Eye in the Sky originated as a BBC movie, but somewhere in its development when that deal fell apart, Gavin Hood (Ender’s Game, X-Men Origins: Wolverine) took over the script by Guy Hibbert. Hood found the backing and filmed the movie in his native South Africa. He cast screen legends Helen Mirren and Alan Rickman with Breaking Bad actor Aaron Paul and relative newcomer Barkhad Abdi, from Captain Phillips. Aisha Takow plays Alia Mo’Allim, a young girl selling bread who plays a pivotal role in the story.

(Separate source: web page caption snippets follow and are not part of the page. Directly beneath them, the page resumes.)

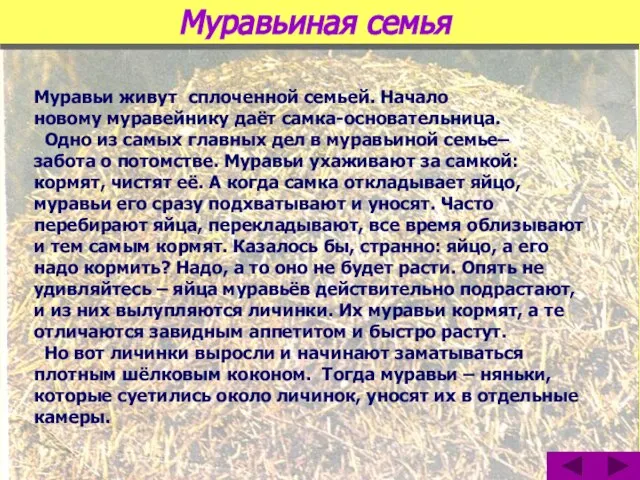 Муравьиная семья Муравьи живут сплоченной семьей. Начало новому муравейнику даёт самка-основательница.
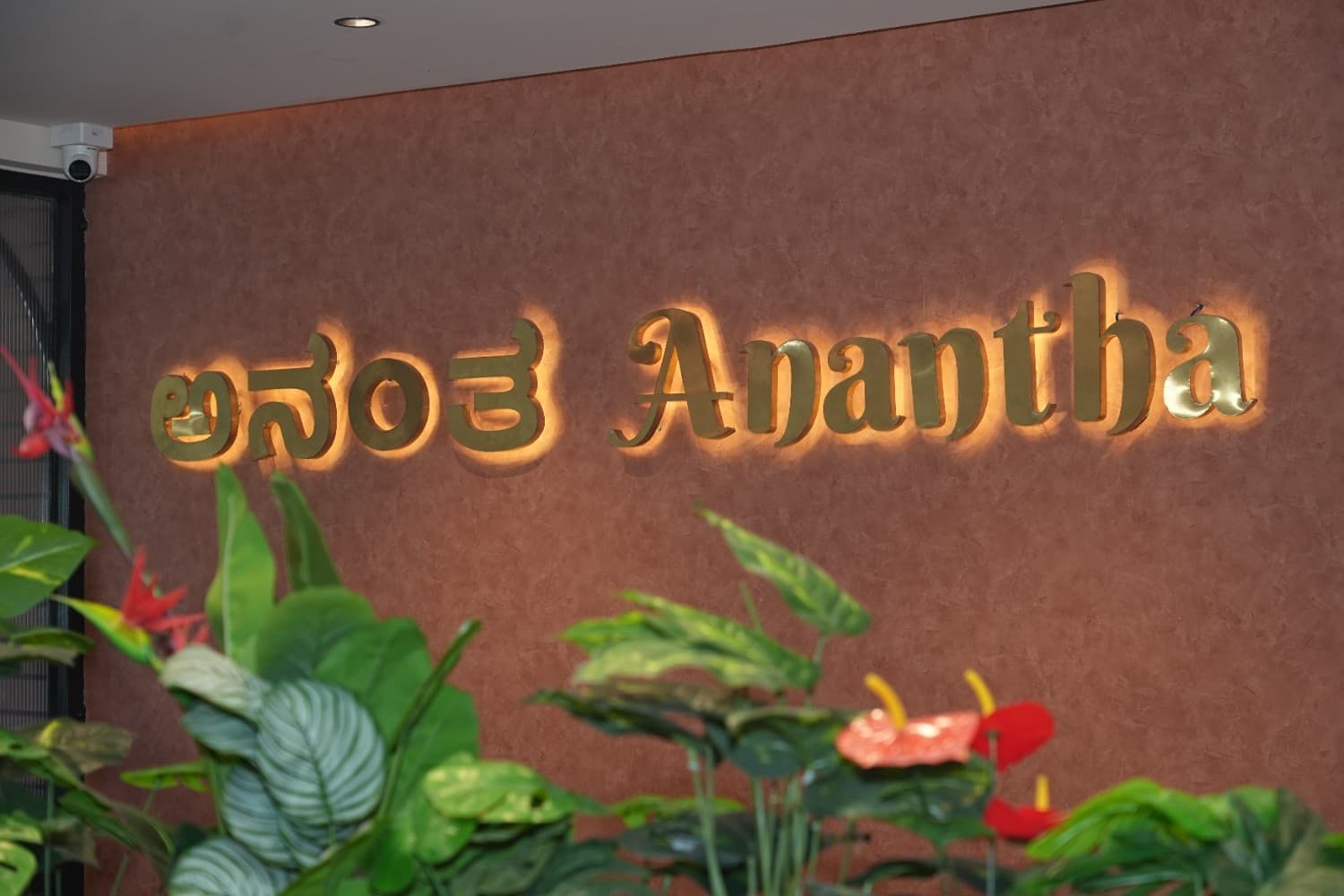 Social Events - Image 1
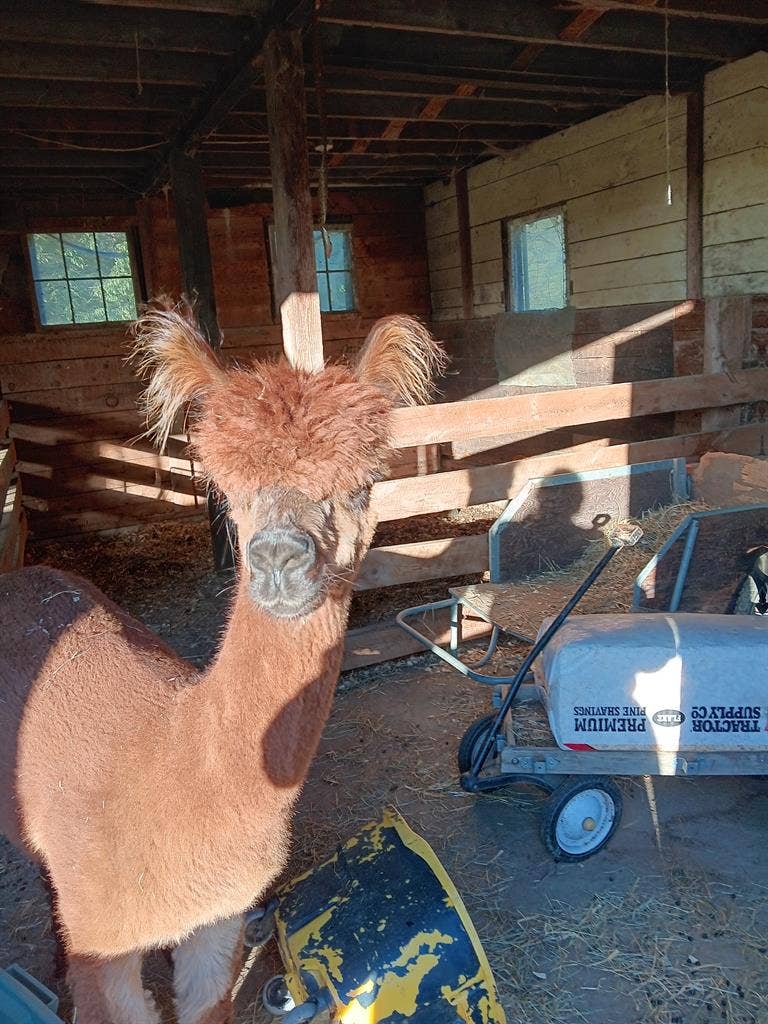 Close to Keene, Brattleboro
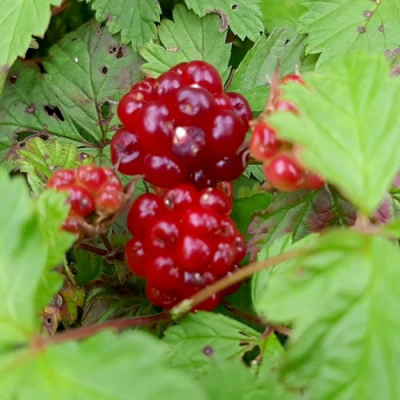 Княженика ПИМА в Павлодаре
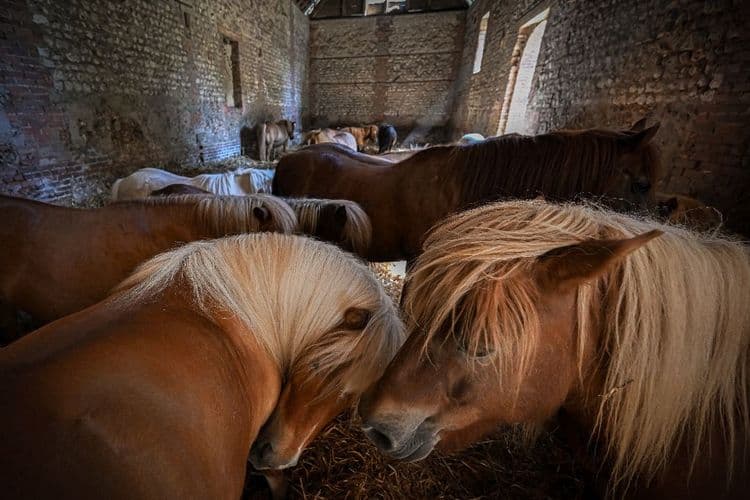 D'âne du pauvre à compagnon des enfants, comment le poney a "sauvé l'équitation"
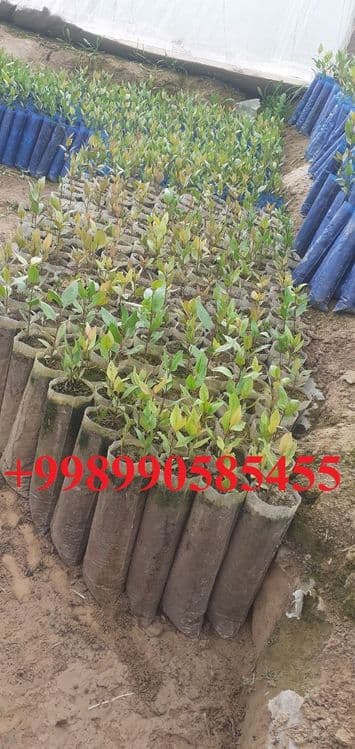 Xandon pista ko'chatlari — 1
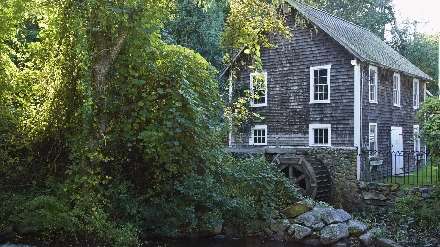 کلبه ای میان جنگل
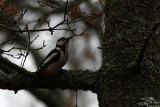 Greater spotted woodpecker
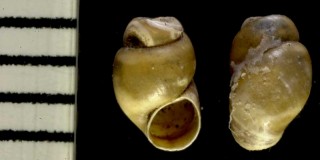 オンセンゴマツボ Stenothyra thermaecola small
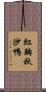 紅胸秋沙鴨 Scroll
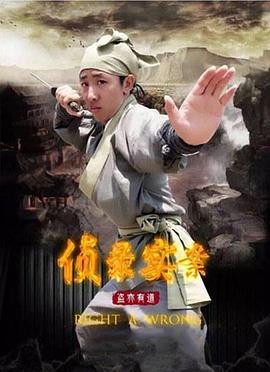 侦录实案之盗亦有道 (2017)海报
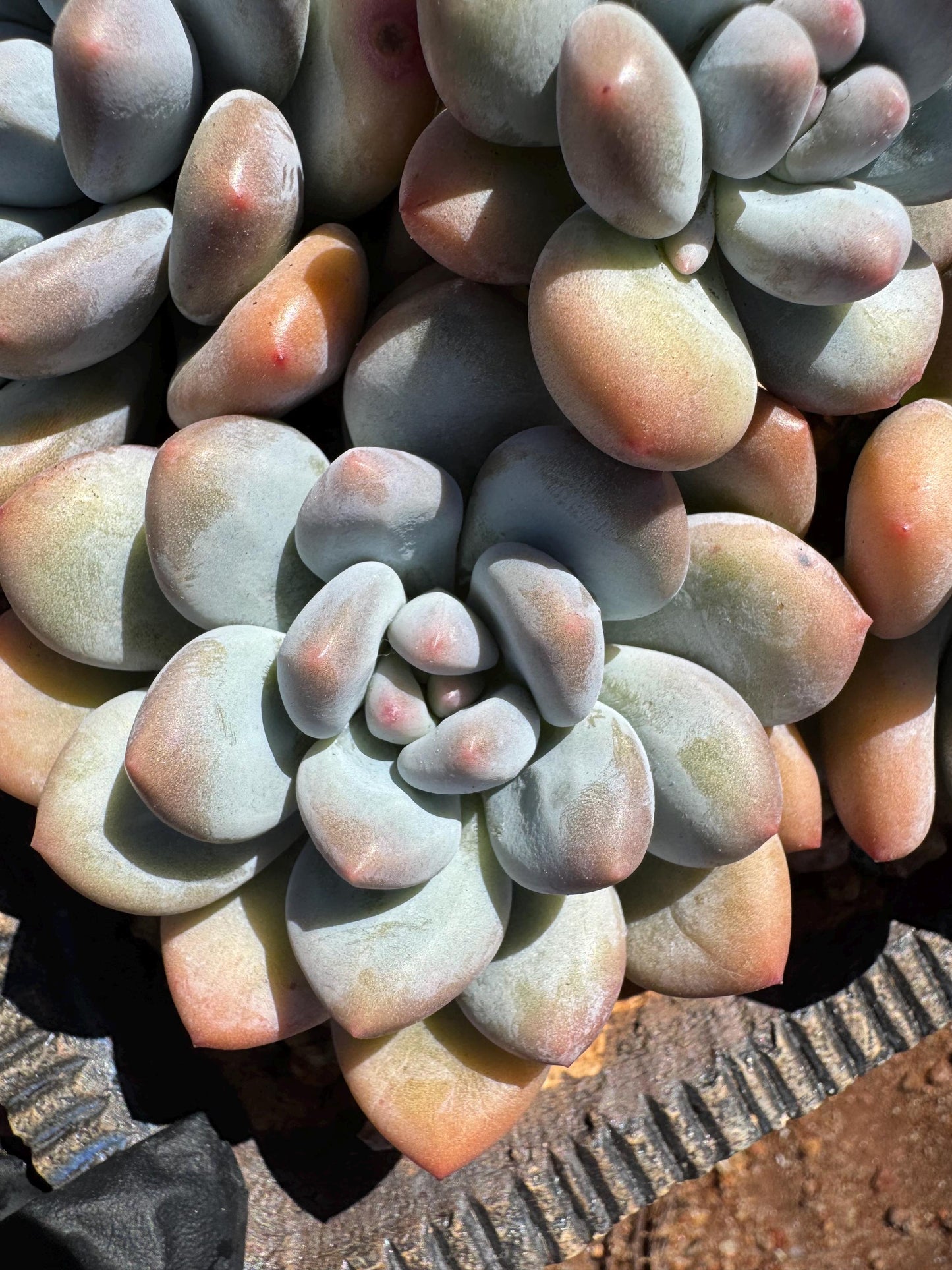 Pachyveria 'Elaine Reinelt' big cluster, 5.6inches, 7heads, high quality, live plant, Bare Root, imported succulents, live plant, gift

This is a war movie, but in tone and drama, it plays out more like 12 Angry Men than Saving Private Ryan. It’s an absurdity: The warriors are in Las Vegas, the officers are in England, and the battlefield is a militia-held territory in Kenya. For years, Colonel Katherine Powell (Mirren) had been tracking Susan Danford aka Ayesha AL-Hady, a British national who had become radicalized and joined a terrorist organization. She had finally pinpointed Danford, with the aid of a spy on the ground (Abdi). Meanwhile in a boardroom equipped with close-circuit TV, General Benson (Rickman) monitors the mission with high-ranking ministers from the British government. Though the original mission was to capture Danford, it became a kill mission when they learned she was preparing two suicide bombers. The drone pilot, Steve Watts (Paul) and his assistant, Carrie Gershon (Phoebe Fox), must carry out the kill mission, but neither had fired a Hellfire missile before. Needless to say, they suffer qualms.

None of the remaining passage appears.